While a multi-group second order factor model had adequate overall fit, results suggest that the factor loadings vary between subsamples. In particular, loadings on the second order factor differed between the SWP and UWP sub-samples compared to the other subsamples for the physical demands (PD) and flexibility demands. The loading of PD on the second order factor was generally low, suggesting that the ability to meet physical work demands tends to be a separate aspect of work role functioning compared to the other included aspects. In separate analyses by sample, this was particularly the case for occupational and insurance physicians. An explanation could be that their work does not have (these) physical demands and, consequently, do not impact their work role functioning in the same way as the other demands.

When looking at the six samples, the heavily manual jobs are underrepresented. This underrepresentation might have influenced the results because it is often in the manual jobs that the physical demands are more present.
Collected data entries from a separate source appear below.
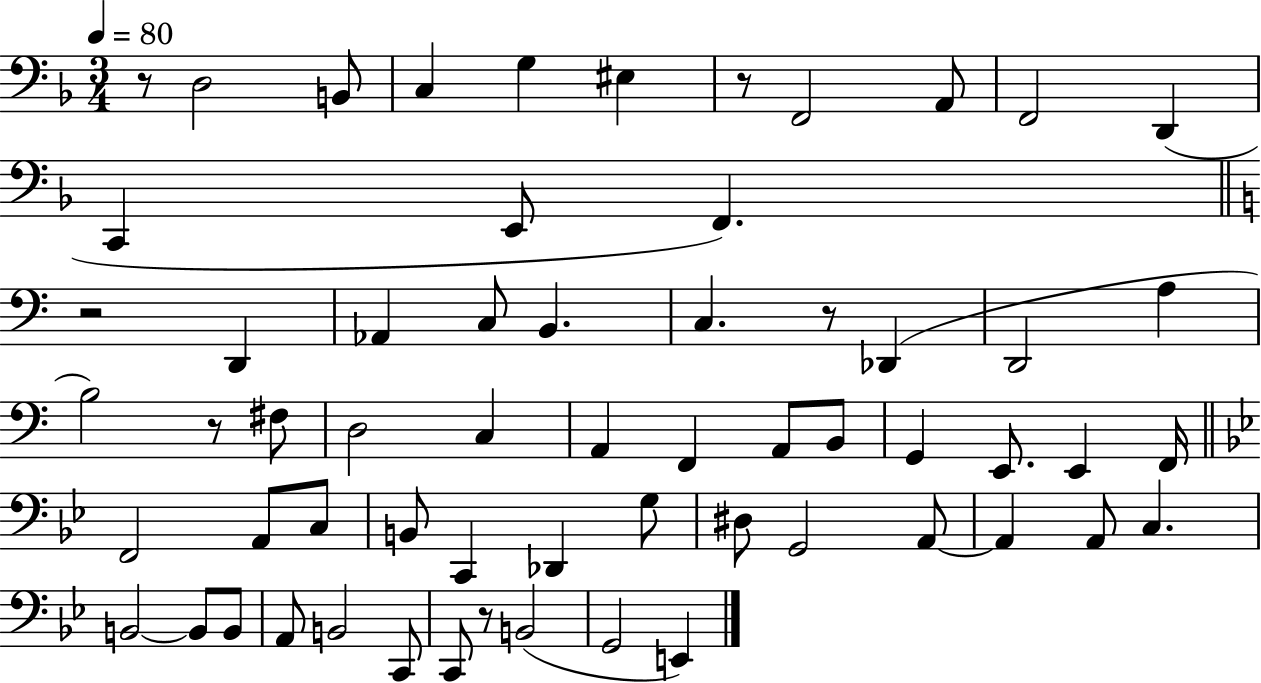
{
  \clef bass
  \numericTimeSignature
  \time 3/4
  \key f \major
  \tempo 4 = 80
  r8 d2 b,8 | c4 g4 eis4 | r8 f,2 a,8 | f,2 d,4( | \break c,4 e,8 f,4.) | \bar "||" \break \key c \major r2 d,4 | aes,4 c8 b,4. | c4. r8 des,4( | d,2 a4 | \break b2) r8 fis8 | d2 c4 | a,4 f,4 a,8 b,8 | g,4 e,8. e,4 f,16 | \break \bar "||" \break \key bes \major f,2 a,8 c8 | b,8 c,4 des,4 g8 | dis8 g,2 a,8~~ | a,4 a,8 c4. | \break b,2~~ b,8 b,8 | a,8 b,2 c,8 | c,8 r8 b,2( | g,2 e,4) | \break \bar "|."
}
Recent work on the factor structure of the Work Limitations Questionnaire, a closely related instrument measuring work limitations [33], also showed similar results regarding the physical demands subscale [34]. Additionally, the flexibility demands factor had low loadings on the second order factor in the shift worker sample. It might be that the items in the flexibility factor are less relevant for this heterogeneous sample containing multiple types of shift and day workers such as operators, police officers and technical support staff.
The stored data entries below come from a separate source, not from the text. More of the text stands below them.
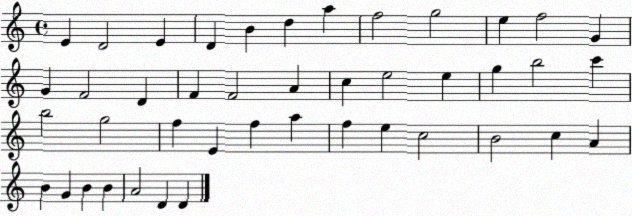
X:1
T:Untitled
M:4/4
L:1/4
K:C
E D2 E D B d a f2 g2 e f2 G G F2 D F F2 A c e2 e g b2 c' b2 g2 f E f a f e c2 B2 c A B G B B A2 D D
The results from the second order factor analyses suggest that the questionnaire may work differently in different samples. Especially the physical demands appear to behave differently across occupational samples. When comparing WRFQ v2.0 results across samples, we recommend using the subscale scores rather than the total score due to the different second order loadings in the various samples. In future research we should be aware of the implications of these differences when comparing across different job types and clinical samples.
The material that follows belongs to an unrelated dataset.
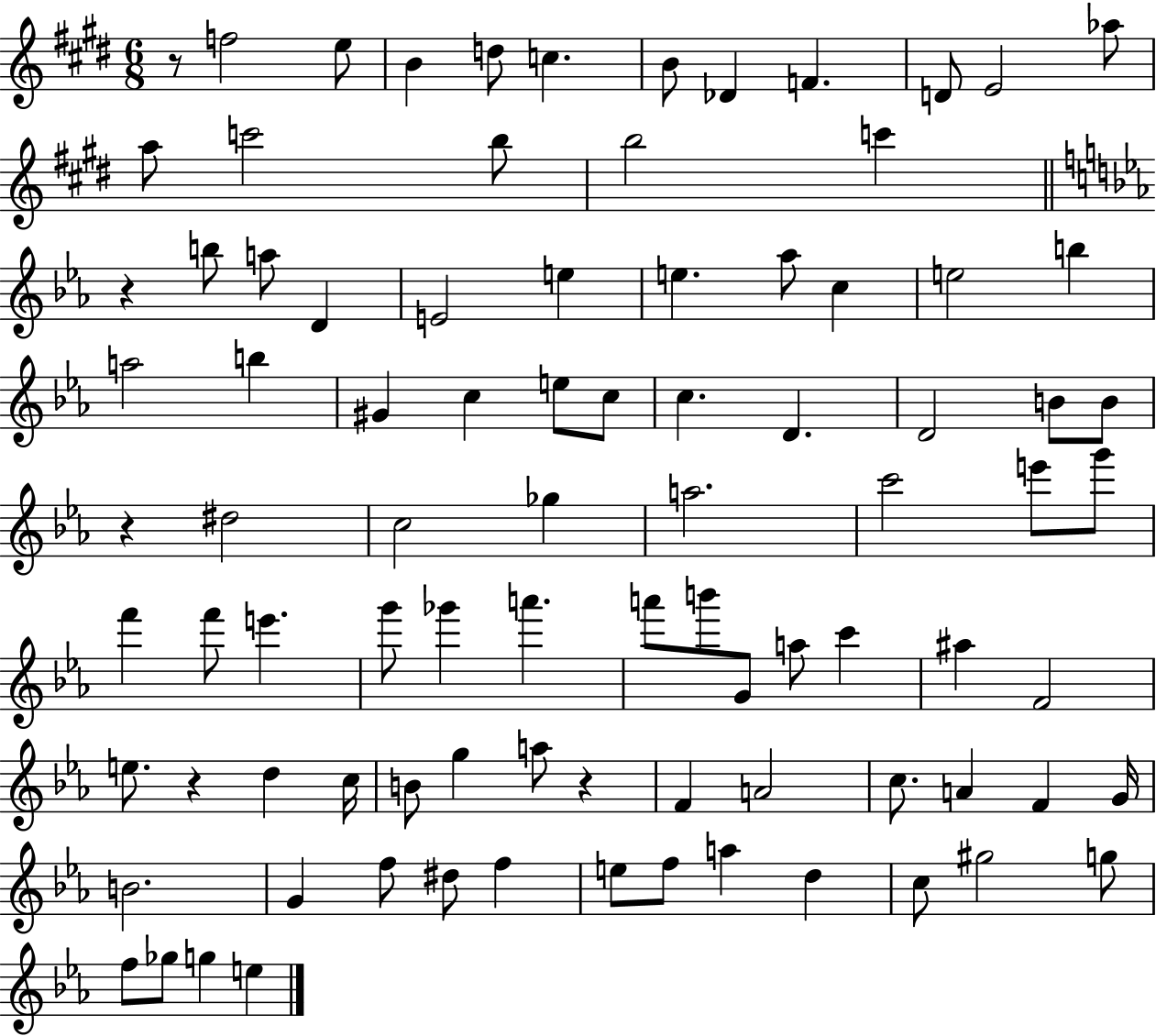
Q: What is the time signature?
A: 6/8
A major strength if this study is the inclusion of six different samples across a variety of working samples. Unfortunately, due to the differences in data collection it was only possible to compare on an aggravated level (manual vs. non manual) and not on occupations level across datasets. Additionally, relatively few clinical groups were included, questioning the generalizability of the results to other conditions such as musculoskeletal conditions. Future research should focus on including more physically demanding jobs, multiple clinical condition groups, and samples across countries as the current study only included samples from one country. The results also point out directions for item reduction. Further advanced psychometric modelling, such as Item Response Theory and Differential Item Functioning, could be used to further refine the WRFQ and improve its practical application.

In conclusion, the WRFQ v2.0 shows consistent structural validity across samples. However, it is recommended to use the subscale scores to compare between different samples. The results are consistent for the second order structure except for physical demands and for flexibility demands in the shift work and university populations.